DATASET RECORDS
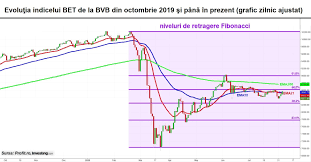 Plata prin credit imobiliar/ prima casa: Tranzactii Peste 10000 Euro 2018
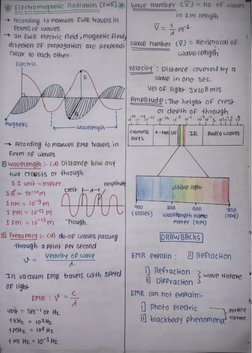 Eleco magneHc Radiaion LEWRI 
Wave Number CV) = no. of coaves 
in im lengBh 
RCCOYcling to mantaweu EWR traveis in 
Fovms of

==

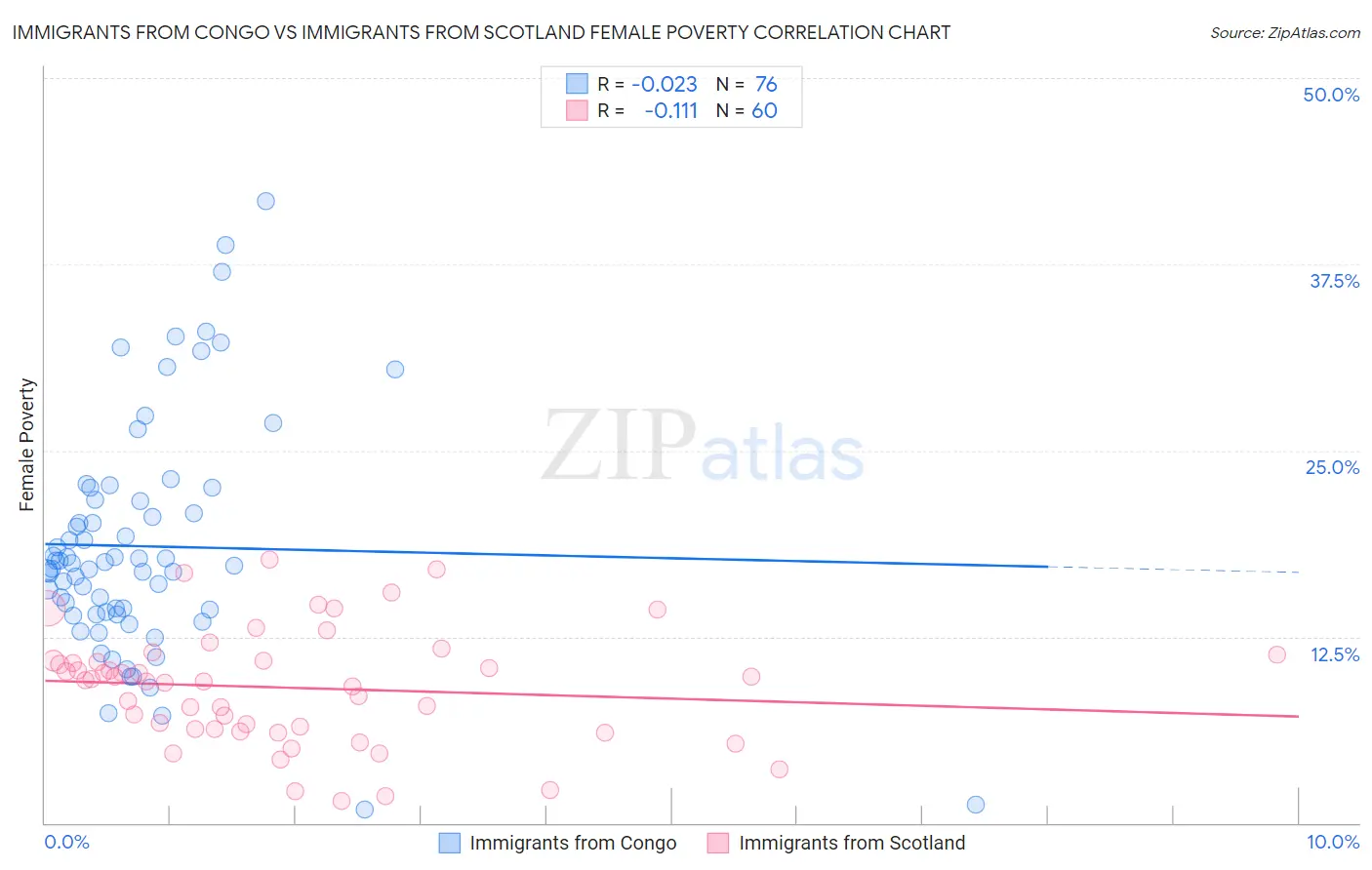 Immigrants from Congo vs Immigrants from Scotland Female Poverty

...

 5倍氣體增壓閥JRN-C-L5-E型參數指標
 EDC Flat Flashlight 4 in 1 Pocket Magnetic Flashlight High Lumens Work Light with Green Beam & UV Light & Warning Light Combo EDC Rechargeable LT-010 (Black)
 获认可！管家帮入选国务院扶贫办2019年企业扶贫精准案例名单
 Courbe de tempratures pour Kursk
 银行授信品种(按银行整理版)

YOUR INSTRUCTIONS
Would you output, from the records above, exactly the run of lines that starts at the line containing "获认可！管家帮入选国务院扶贫办2019年企业扶贫精准案例名单" and ends at the line containing "银行授信品种(按银行整理版)", and only that run?

ANSWER TO THE EXERCISE
 获认可！管家帮入选国务院扶贫办2019年企业扶贫精准案例名单
 Courbe de tempratures pour Kursk
 银行授信品种(按银行整理版)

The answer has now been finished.